▶ **RECORDS SHOWN**
-*-
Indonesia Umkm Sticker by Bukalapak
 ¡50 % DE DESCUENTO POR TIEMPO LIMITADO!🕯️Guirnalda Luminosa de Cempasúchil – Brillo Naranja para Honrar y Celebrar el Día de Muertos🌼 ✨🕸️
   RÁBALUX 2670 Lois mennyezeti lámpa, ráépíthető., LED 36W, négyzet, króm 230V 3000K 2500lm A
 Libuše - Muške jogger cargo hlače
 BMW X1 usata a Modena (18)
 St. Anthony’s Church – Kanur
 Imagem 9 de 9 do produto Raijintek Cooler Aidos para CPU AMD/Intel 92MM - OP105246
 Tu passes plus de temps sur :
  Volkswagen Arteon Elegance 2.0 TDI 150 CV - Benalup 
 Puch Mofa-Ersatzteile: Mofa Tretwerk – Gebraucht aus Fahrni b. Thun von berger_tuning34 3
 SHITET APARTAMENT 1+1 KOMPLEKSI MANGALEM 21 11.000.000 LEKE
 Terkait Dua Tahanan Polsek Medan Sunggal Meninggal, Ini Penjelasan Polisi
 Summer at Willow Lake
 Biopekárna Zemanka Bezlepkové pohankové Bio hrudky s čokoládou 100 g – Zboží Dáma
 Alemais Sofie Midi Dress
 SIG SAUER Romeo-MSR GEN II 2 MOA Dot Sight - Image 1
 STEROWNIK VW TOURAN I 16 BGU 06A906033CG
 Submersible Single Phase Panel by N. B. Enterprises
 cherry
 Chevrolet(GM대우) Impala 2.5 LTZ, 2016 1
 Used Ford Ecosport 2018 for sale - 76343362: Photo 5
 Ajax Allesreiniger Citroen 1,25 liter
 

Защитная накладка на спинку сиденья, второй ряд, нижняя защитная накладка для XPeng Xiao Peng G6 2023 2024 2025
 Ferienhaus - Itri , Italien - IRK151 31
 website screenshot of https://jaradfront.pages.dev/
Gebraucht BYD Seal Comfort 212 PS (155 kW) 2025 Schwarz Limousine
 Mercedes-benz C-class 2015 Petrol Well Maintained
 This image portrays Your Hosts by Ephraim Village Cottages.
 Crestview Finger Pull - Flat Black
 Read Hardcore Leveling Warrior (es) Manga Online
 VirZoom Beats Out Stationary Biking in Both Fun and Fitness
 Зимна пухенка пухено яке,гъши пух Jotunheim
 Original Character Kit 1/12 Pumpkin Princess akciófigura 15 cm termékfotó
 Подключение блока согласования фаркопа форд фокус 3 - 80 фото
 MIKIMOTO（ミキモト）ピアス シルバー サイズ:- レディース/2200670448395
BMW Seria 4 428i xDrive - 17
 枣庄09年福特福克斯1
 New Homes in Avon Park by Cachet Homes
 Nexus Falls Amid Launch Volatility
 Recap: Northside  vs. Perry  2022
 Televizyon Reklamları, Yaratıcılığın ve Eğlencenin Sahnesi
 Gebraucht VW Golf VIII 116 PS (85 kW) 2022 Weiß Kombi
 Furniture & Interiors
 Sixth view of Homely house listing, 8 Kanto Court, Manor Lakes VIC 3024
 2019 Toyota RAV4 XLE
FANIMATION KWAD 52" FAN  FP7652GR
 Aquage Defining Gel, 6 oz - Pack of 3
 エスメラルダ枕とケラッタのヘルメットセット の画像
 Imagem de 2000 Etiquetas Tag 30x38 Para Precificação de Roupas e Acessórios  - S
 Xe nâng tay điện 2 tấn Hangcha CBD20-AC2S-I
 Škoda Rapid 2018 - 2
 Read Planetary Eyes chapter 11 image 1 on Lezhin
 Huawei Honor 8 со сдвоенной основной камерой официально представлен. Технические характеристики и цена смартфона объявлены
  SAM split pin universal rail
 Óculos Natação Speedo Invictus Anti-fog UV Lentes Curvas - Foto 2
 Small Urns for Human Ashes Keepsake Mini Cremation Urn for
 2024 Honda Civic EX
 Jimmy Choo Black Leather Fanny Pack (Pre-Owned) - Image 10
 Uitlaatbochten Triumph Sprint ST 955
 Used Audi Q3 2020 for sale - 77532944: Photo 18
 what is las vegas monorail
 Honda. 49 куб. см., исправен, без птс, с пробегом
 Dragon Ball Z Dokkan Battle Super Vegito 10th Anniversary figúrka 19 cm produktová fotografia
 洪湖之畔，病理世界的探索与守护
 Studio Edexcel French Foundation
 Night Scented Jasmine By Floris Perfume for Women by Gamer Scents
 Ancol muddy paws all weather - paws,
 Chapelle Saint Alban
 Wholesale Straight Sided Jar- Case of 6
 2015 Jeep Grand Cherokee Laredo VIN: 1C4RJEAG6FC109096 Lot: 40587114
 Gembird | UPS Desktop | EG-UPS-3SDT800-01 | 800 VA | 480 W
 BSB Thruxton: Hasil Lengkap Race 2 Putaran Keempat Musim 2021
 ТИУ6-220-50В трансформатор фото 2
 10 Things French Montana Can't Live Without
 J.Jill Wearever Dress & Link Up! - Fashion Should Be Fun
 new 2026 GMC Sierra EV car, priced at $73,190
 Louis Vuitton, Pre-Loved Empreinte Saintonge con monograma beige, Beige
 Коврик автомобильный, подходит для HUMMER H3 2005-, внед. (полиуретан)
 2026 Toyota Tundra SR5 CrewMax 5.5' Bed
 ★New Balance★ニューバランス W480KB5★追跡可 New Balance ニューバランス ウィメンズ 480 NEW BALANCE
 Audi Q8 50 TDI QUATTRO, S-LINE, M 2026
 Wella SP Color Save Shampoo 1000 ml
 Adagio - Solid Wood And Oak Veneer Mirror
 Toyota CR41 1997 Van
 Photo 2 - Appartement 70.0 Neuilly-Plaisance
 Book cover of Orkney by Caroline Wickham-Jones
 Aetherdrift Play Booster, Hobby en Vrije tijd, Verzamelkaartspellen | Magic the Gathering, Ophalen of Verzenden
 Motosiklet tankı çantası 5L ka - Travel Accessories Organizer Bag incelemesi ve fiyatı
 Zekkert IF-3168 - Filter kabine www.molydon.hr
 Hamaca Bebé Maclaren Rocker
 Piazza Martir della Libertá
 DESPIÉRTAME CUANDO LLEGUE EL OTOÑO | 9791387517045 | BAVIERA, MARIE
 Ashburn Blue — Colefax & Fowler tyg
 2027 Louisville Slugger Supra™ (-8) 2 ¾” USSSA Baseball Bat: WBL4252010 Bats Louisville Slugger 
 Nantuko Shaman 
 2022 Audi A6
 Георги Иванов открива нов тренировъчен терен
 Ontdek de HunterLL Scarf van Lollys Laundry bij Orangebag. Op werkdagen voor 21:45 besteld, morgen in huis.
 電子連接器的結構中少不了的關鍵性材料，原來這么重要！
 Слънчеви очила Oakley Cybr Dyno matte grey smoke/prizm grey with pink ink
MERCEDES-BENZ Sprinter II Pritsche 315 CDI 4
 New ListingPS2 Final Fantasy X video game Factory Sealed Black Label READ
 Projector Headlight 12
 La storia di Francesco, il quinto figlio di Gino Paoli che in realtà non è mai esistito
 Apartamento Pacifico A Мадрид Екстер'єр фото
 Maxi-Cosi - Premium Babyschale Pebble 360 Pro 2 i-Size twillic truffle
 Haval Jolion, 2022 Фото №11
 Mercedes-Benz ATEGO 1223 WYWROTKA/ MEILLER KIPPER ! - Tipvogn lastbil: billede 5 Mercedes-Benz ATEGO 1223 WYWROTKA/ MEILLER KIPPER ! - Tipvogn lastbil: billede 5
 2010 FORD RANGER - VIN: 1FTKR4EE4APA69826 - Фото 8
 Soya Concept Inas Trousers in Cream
-*-
▶ **EXERCISE INSTRUCTIONS**
Please copy the lines above from the line with "Toyota CR41 1997 Van" up to and including the line with "Piazza Martir della Libertá", exactly as written and with nothing else.

▶ **SOLUTION TO THIS PROBLEM**
 Toyota CR41 1997 Van
 Photo 2 - Appartement 70.0 Neuilly-Plaisance
 Book cover of Orkney by Caroline Wickham-Jones
 Aetherdrift Play Booster, Hobby en Vrije tijd, Verzamelkaartspellen | Magic the Gathering, Ophalen of Verzenden
 Motosiklet tankı çantası 5L ka - Travel Accessories Organizer Bag incelemesi ve fiyatı
 Zekkert IF-3168 - Filter kabine www.molydon.hr
 Hamaca Bebé Maclaren Rocker
 Piazza Martir della Libertá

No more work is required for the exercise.